Mashed Potatoes with Bacon & Cheddar
- 5 pound russet potatoes
- 10 slice bacon
- 8 ounce cream cheese, room temperature
- 1/2 cup unsalted butter, melted
- 1 cup sour cream
- 1/4 cup chives, minced
- 2 1/2 cup cheddar cheese, grated
- 2 teaspoon kosher salt
- 1/2 teaspoon pepper
Preheat oven to 350 degrees. Peel potatoes, and cut into 1-inch chunks. Place in a large saucepan, and add enough cold water to cover by about 2 inches. Bring to a boil over medium-high heat, and reduce to a simmer. Cook until tender and easily pierced with a paring knife, about 20 minutes. Transfer to a colander to drain; return to pan, cover, and set aside.
2. Meanwhile, heat a large skillet over medium heat. Add bacon, and cook until crisp and browned, turning once. Transfer to paper towels to drain; let cool, and crumble into pieces.

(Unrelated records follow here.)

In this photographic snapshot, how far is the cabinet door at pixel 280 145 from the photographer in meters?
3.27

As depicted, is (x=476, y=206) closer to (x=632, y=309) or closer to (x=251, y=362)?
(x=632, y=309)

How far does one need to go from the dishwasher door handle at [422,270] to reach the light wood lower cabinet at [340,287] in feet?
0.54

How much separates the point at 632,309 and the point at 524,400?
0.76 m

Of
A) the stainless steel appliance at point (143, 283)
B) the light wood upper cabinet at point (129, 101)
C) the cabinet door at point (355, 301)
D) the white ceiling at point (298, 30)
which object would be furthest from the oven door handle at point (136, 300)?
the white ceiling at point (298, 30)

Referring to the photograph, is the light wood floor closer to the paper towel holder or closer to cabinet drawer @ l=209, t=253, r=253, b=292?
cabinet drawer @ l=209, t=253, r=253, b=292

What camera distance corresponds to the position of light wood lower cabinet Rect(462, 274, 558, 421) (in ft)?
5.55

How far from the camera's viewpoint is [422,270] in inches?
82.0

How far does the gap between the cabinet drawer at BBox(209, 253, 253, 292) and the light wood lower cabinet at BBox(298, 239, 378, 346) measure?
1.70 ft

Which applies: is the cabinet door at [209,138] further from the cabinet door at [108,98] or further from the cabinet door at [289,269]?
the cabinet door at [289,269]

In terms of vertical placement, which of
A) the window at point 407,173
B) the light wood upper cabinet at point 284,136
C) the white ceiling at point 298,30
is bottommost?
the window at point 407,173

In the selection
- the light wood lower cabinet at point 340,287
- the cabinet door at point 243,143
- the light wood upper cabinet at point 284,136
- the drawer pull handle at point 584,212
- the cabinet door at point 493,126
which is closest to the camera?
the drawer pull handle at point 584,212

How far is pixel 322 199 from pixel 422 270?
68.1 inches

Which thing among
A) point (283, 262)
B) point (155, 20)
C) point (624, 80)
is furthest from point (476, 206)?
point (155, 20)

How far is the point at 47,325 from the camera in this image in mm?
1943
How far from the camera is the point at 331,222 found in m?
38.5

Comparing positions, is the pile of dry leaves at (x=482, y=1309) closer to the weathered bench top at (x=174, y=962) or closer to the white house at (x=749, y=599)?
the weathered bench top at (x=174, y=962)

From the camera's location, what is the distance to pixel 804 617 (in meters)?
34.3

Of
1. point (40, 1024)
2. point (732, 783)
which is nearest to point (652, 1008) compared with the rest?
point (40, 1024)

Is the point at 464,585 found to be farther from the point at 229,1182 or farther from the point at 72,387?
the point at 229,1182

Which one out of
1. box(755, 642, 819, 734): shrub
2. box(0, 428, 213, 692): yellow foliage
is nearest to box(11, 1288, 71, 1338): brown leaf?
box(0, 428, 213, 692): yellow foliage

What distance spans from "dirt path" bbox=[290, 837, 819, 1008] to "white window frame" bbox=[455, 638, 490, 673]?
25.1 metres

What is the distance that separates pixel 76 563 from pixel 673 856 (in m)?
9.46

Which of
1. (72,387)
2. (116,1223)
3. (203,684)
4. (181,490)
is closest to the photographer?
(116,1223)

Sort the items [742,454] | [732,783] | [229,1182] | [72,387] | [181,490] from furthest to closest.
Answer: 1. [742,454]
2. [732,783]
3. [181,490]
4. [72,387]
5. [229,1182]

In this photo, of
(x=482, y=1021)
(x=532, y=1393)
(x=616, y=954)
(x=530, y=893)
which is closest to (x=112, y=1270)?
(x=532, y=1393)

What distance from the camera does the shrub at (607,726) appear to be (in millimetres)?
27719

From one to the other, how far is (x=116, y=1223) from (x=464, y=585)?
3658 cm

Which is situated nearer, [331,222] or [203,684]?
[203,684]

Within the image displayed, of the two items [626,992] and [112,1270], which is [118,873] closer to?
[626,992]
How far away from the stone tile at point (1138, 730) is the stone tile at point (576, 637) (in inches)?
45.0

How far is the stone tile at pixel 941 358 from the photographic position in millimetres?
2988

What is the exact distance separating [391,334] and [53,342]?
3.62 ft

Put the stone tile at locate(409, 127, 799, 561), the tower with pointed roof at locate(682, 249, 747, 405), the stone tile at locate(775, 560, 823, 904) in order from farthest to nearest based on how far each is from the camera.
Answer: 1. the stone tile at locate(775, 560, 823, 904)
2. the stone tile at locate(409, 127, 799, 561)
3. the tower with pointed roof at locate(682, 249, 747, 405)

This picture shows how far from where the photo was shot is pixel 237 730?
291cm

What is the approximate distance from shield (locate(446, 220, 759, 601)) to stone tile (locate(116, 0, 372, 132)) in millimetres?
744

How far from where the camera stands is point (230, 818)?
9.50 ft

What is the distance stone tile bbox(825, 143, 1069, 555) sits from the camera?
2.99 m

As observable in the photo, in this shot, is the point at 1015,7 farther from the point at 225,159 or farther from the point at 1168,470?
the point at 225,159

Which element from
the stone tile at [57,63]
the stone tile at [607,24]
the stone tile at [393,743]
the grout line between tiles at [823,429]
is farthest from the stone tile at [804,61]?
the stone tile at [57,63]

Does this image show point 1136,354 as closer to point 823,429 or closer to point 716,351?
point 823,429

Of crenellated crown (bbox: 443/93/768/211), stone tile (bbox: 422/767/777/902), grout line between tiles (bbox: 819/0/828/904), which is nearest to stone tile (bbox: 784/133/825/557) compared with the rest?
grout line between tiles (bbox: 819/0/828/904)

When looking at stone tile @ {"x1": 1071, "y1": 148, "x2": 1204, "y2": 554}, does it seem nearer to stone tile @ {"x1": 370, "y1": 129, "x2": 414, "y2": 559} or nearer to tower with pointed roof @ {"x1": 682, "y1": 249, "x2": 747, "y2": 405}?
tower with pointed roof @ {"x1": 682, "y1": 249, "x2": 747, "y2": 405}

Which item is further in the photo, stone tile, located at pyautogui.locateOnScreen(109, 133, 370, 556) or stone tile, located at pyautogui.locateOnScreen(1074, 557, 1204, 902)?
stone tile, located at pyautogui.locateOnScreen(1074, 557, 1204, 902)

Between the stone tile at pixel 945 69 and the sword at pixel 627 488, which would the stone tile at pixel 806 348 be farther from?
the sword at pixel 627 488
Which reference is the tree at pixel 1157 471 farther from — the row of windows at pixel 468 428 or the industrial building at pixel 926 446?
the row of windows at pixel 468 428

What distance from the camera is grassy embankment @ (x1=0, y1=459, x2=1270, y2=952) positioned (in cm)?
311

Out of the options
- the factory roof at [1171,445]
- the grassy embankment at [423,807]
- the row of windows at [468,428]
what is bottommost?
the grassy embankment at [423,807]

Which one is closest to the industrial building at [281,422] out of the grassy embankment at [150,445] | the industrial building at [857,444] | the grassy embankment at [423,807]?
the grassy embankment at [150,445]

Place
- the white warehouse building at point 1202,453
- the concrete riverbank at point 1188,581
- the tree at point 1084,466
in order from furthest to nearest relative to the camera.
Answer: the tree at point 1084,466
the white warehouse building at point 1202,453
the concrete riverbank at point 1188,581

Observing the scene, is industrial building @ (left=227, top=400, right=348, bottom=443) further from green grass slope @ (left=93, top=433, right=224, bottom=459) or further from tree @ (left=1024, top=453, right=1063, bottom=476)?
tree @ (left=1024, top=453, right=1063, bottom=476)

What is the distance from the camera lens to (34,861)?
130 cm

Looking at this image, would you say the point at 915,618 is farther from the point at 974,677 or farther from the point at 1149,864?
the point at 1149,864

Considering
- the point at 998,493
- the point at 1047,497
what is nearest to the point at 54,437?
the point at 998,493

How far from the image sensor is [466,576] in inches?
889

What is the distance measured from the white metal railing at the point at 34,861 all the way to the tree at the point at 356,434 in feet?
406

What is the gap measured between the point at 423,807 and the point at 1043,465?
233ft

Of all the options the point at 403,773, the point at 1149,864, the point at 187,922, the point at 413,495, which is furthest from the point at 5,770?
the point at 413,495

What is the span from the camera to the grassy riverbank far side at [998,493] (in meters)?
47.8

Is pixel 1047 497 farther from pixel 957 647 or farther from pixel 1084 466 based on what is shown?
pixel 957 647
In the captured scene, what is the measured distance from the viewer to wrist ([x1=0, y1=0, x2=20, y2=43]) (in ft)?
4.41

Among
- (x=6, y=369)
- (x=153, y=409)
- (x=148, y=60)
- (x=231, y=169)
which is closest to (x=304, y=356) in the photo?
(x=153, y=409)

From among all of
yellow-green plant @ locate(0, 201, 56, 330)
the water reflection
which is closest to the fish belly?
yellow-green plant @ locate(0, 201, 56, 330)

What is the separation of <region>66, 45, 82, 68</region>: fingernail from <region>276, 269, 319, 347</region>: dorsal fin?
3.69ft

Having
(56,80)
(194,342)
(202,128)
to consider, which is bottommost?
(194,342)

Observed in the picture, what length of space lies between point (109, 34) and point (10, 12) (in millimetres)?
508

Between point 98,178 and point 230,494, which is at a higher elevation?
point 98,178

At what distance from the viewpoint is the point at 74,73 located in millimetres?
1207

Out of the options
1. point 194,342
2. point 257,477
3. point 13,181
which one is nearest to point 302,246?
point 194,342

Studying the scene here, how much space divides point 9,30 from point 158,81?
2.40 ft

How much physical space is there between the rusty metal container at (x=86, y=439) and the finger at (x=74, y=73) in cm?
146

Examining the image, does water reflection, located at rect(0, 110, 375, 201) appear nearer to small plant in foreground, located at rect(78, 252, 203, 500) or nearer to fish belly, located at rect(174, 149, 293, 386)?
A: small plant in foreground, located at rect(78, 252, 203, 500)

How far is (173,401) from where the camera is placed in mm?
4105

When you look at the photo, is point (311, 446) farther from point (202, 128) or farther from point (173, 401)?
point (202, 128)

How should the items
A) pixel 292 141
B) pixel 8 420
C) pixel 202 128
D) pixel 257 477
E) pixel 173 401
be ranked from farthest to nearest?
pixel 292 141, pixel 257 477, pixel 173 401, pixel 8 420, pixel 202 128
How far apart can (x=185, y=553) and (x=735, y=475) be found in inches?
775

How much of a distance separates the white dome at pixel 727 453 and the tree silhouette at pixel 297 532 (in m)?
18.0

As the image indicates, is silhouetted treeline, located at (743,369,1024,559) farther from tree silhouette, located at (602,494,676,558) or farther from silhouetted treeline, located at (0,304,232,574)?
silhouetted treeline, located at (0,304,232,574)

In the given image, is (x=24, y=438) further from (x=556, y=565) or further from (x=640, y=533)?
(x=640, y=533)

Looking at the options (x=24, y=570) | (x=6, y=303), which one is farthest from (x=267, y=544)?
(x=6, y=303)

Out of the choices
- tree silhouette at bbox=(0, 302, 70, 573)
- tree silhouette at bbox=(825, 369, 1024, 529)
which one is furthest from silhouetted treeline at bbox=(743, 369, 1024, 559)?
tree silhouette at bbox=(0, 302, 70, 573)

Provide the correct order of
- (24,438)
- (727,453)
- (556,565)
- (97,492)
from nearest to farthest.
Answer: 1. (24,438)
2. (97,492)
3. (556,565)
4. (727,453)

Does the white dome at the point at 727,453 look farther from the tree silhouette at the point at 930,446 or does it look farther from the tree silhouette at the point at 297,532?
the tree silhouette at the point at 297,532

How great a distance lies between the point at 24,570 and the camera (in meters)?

3. Using a fork, mash the potatoes in pan until light and fluffy. Add the cream cheese, butter, and sour cream, and stir until combined and smooth. Add the chives, 2 cups cheddar cheese, half the bacon, salt, and pepper. Stir until well combined.
Transfer to a buttered 3 quart baking dish. top with remaining 1/2 cup cheddar cheese. bake until top is slightly golden and potatoes are heated through about 30 mins. Remove from oven. garnish with remaining bacon. serve immediately.